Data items
^^^^^^^^^^^^^^^^
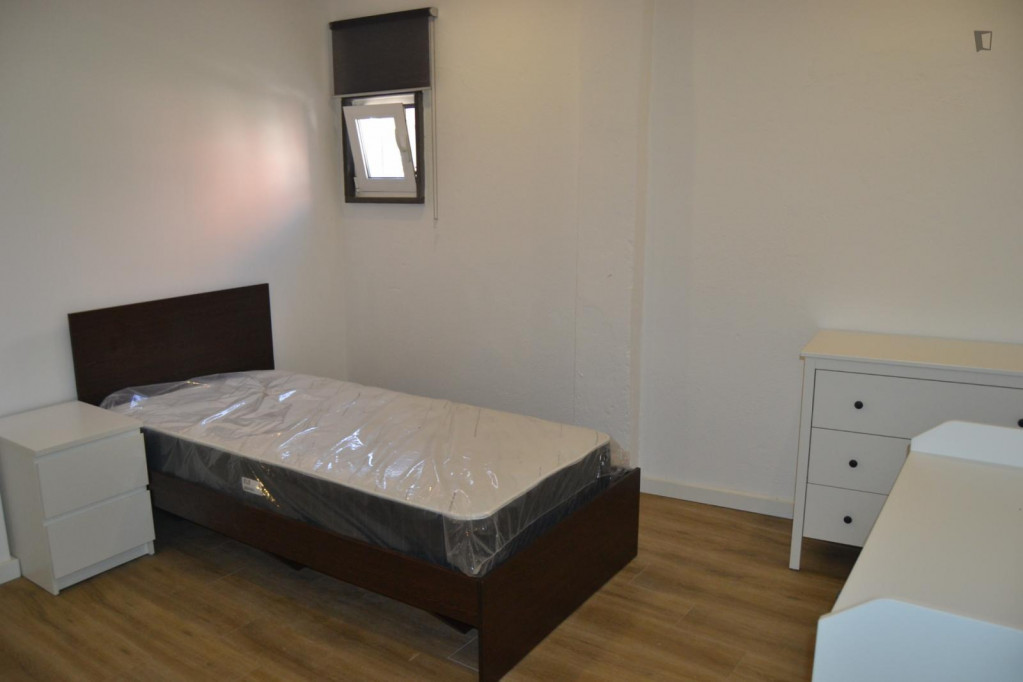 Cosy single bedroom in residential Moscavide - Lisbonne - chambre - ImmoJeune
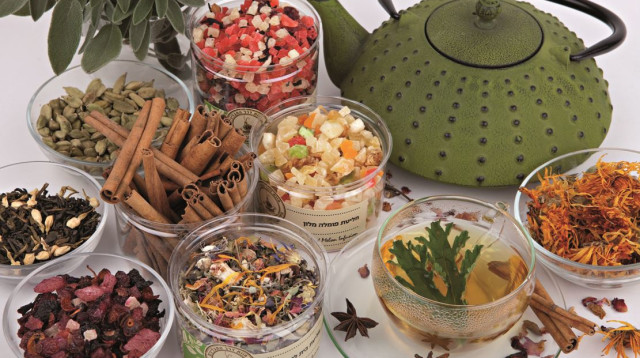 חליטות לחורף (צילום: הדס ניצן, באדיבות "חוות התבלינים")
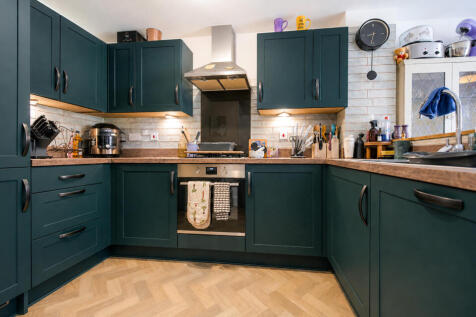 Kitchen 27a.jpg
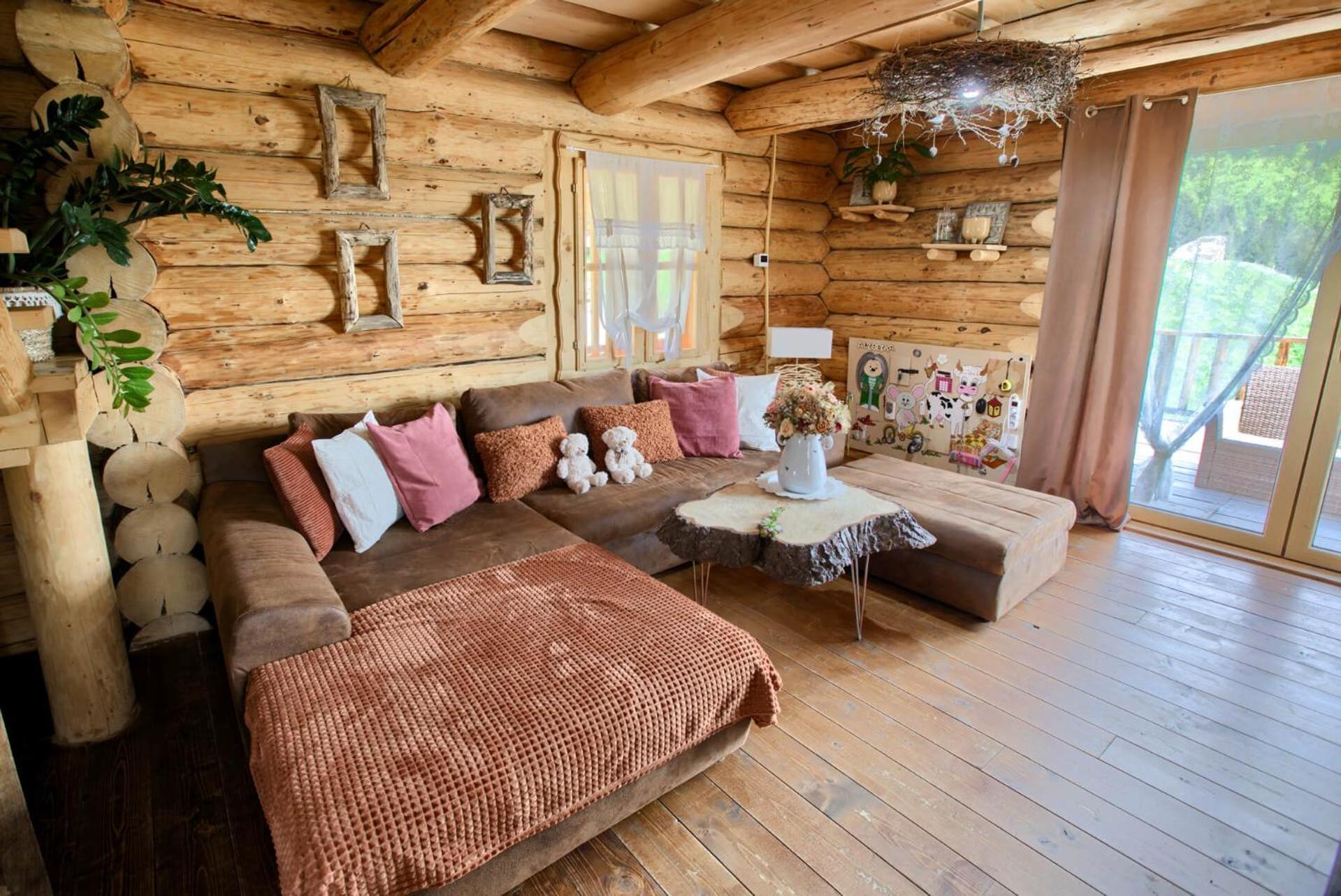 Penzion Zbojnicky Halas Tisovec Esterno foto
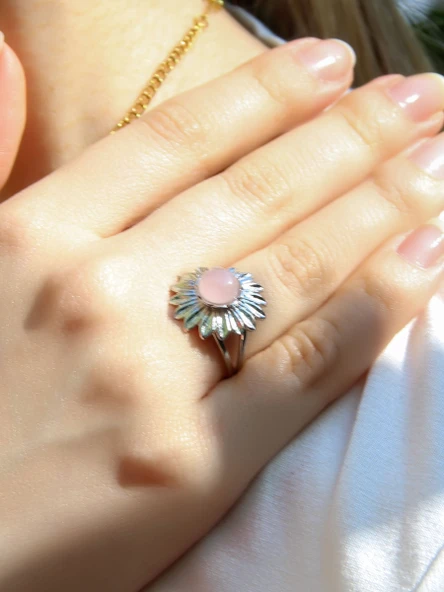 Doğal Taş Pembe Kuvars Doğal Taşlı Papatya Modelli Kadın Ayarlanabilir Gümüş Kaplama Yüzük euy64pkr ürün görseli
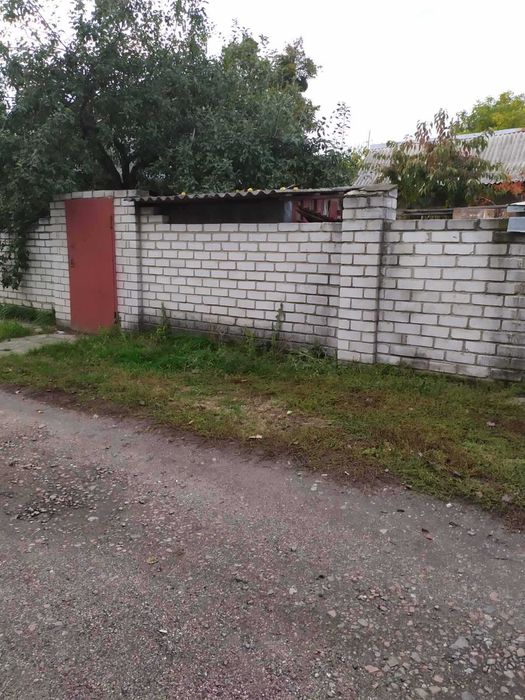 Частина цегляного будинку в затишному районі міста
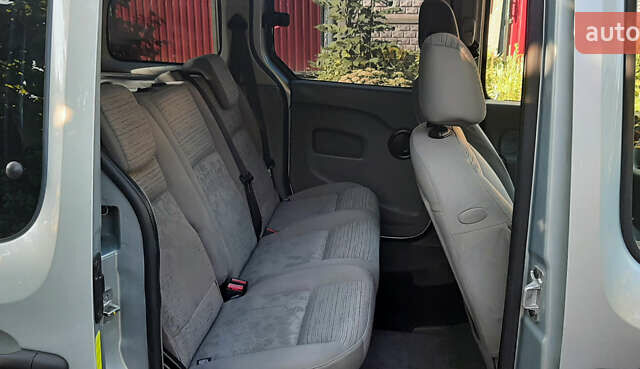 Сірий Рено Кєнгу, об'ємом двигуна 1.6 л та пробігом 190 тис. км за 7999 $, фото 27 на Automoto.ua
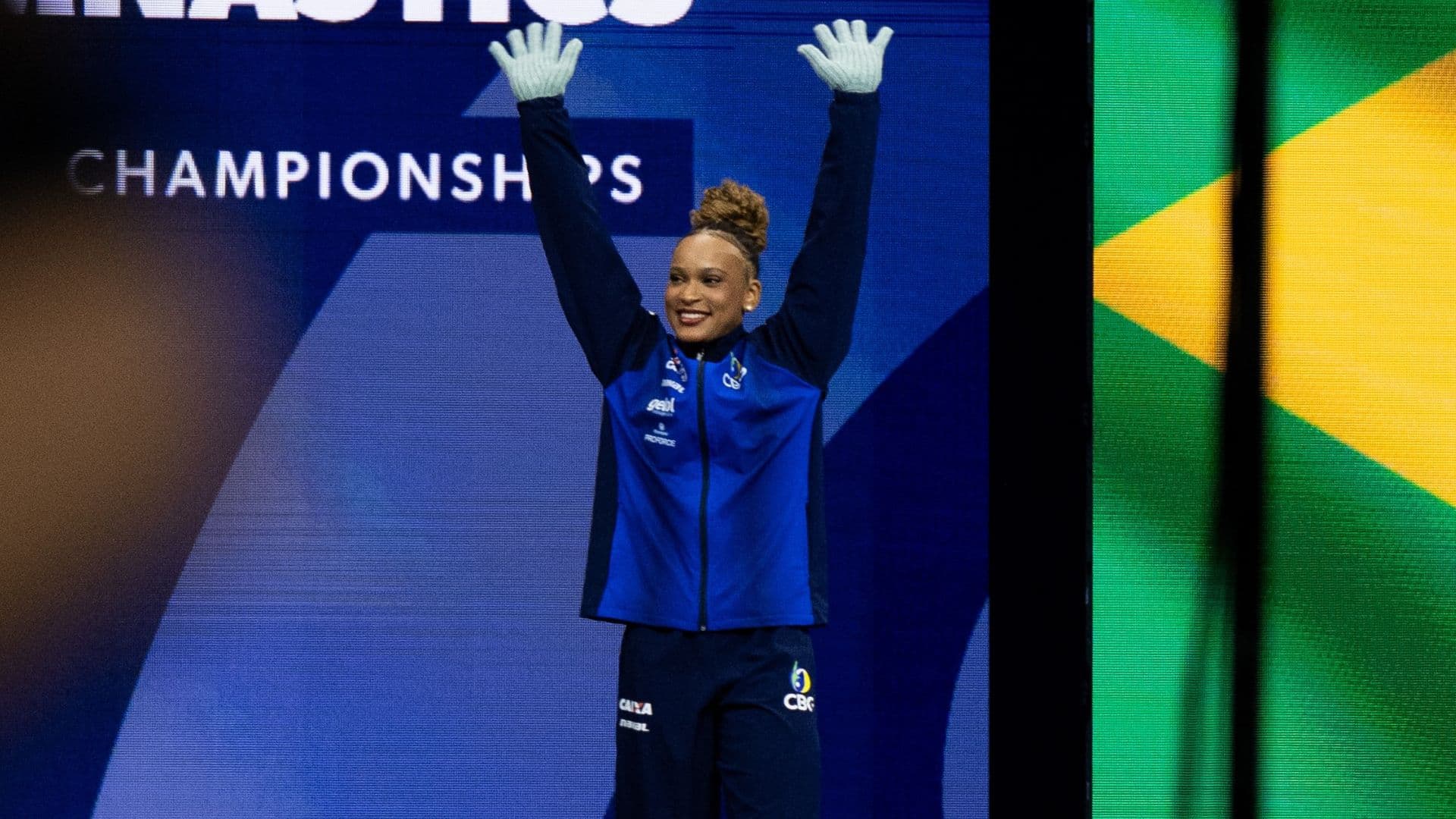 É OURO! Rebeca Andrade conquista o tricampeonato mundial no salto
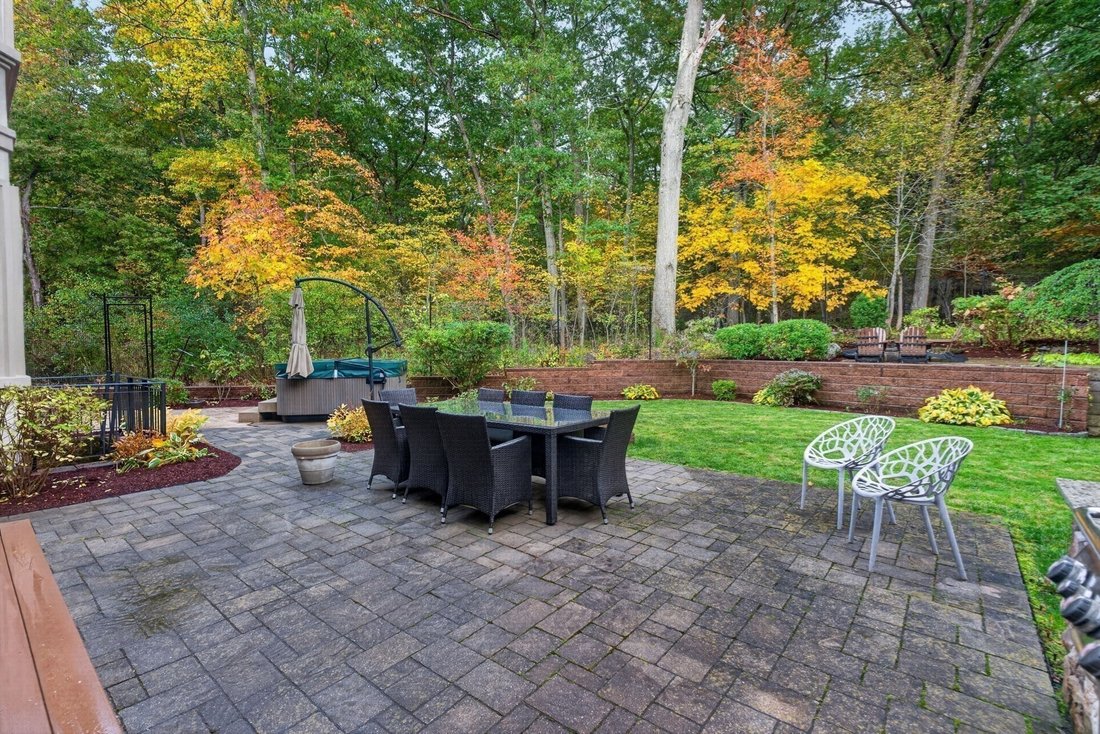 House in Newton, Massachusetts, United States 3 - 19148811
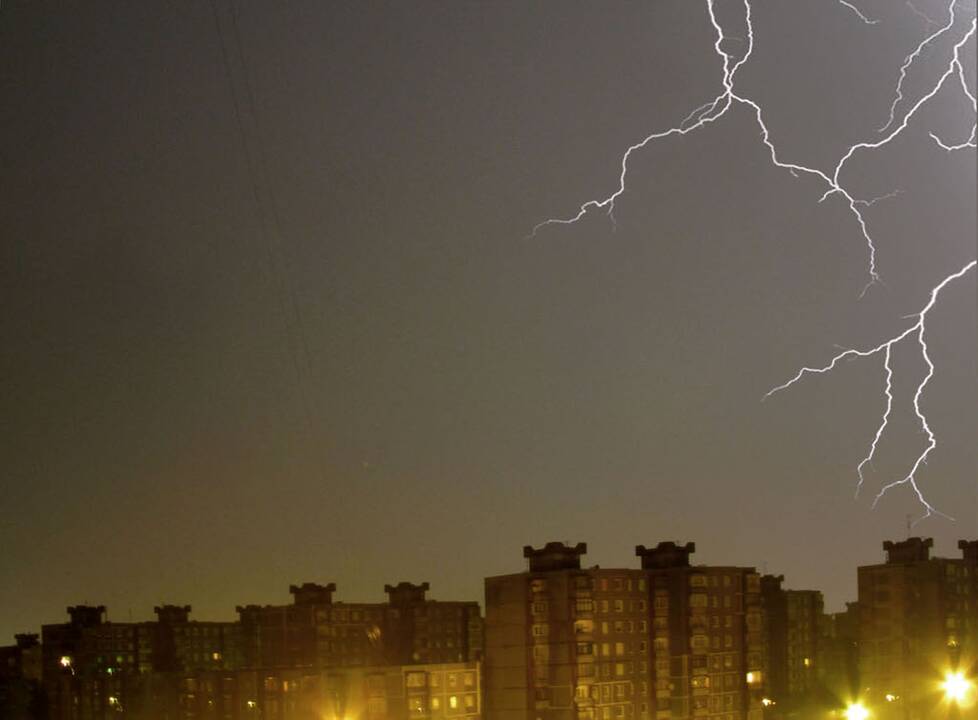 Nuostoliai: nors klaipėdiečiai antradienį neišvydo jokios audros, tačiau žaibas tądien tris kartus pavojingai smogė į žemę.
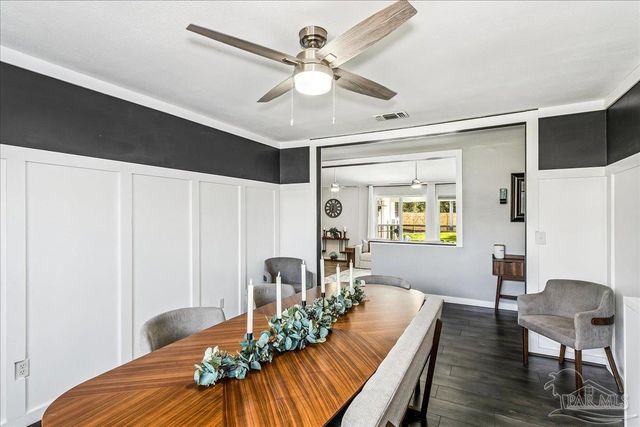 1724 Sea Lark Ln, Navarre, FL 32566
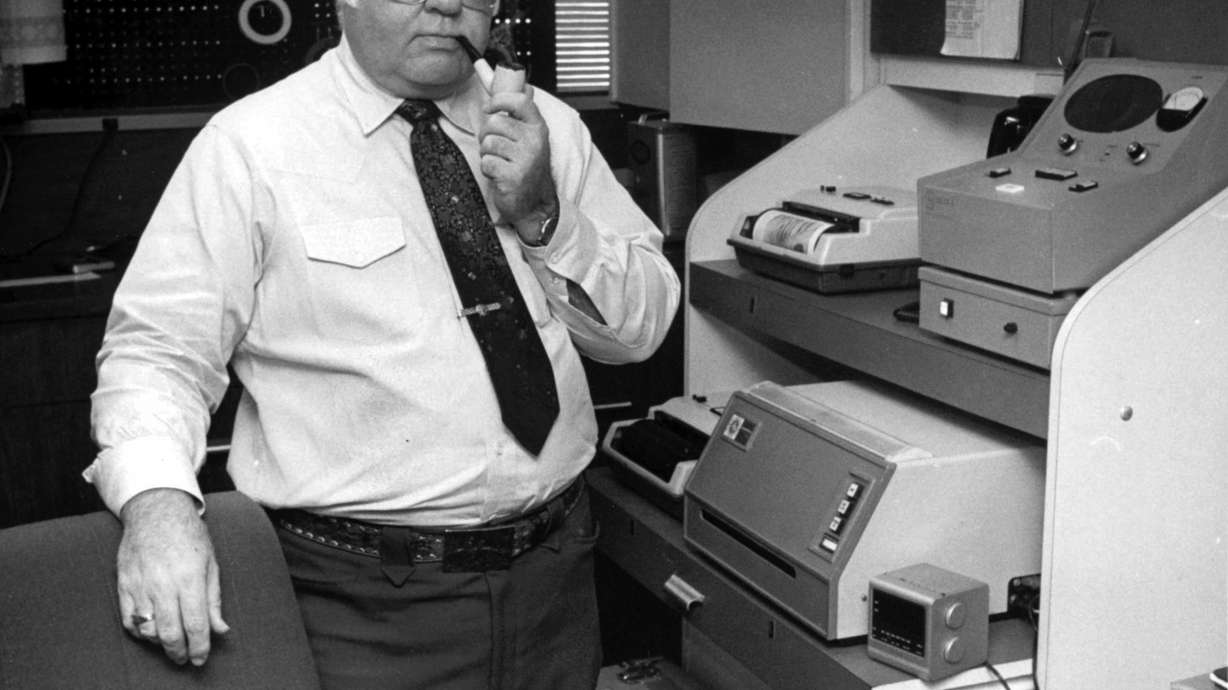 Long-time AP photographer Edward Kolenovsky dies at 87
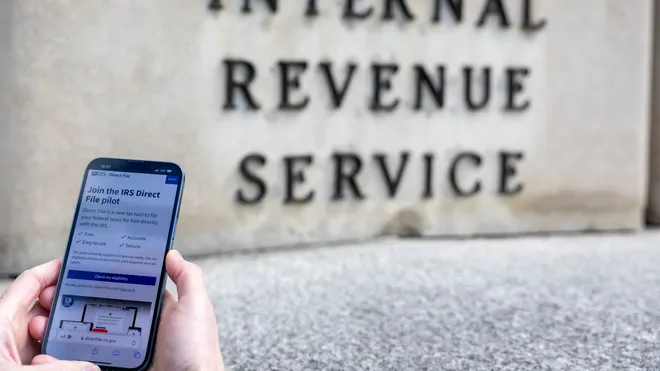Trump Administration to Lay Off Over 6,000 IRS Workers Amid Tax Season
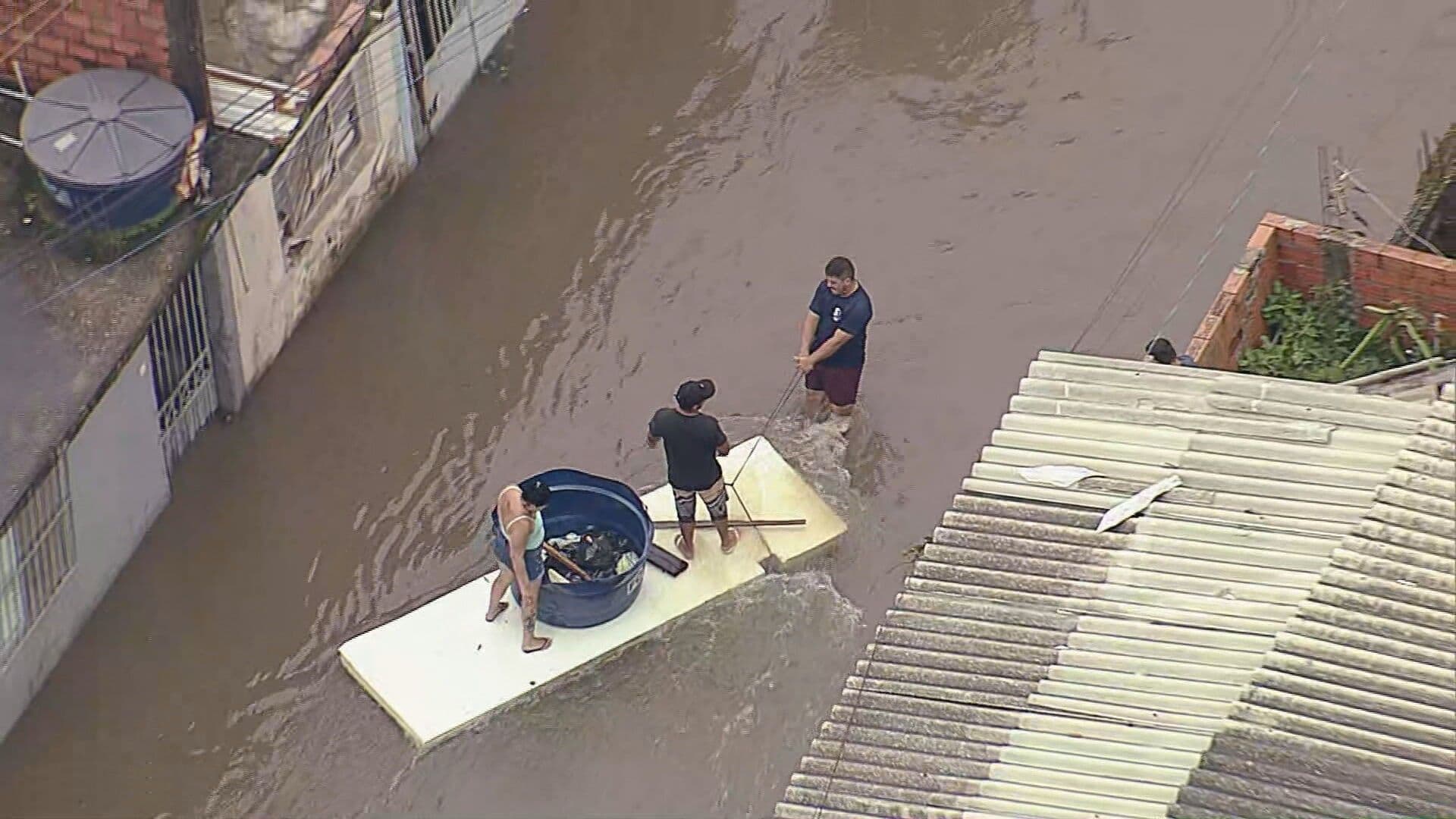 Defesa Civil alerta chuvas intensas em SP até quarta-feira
^^^^^^^^^^^^^^^^
• Task directions
None of the pictures belong in the result. Print exactly the lines from the one containing "Частина цегляного будинку" through the final line of the entries.

• Your response
 Частина цегляного будинку в затишному районі міста
 Сірий Рено Кєнгу, об'ємом двигуна 1.6 л та пробігом 190 тис. км за 7999 $, фото 27 на Automoto.ua
 É OURO! Rebeca Andrade conquista o tricampeonato mundial no salto
 House in Newton, Massachusetts, United States 3 - 19148811
 Nuostoliai: nors klaipėdiečiai antradienį neišvydo jokios audros, tačiau žaibas tądien tris kartus pavojingai smogė į žemę.
 1724 Sea Lark Ln, Navarre, FL 32566
 Long-time AP photographer Edward Kolenovsky dies at 87
Trump Administration to Lay Off Over 6,000 IRS Workers Amid Tax Season
 Defesa Civil alerta chuvas intensas em SP até quarta-feira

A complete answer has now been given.